* [TRY IT] Write down, unchanged, the entries from the first line through the line holding "Under Armour Charged Customizable Muscle Tee". Include no other line.

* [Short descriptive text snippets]
════════

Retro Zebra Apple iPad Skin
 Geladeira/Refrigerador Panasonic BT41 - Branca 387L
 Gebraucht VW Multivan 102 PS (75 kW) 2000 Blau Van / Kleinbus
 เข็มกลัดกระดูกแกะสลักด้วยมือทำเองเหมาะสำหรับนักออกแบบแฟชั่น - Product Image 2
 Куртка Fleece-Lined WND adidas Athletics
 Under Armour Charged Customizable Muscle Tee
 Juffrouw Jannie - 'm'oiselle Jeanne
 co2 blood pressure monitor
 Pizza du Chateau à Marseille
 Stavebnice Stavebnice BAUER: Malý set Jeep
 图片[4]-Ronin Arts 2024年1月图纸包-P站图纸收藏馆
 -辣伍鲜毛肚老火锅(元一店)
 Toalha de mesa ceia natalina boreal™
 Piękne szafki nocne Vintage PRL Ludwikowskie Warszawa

════════

* [ANSWER TO THIS EXERCISE]
Retro Zebra Apple iPad Skin
 Geladeira/Refrigerador Panasonic BT41 - Branca 387L
 Gebraucht VW Multivan 102 PS (75 kW) 2000 Blau Van / Kleinbus
 เข็มกลัดกระดูกแกะสลักด้วยมือทำเองเหมาะสำหรับนักออกแบบแฟชั่น - Product Image 2
 Куртка Fleece-Lined WND adidas Athletics
 Under Armour Charged Customizable Muscle Tee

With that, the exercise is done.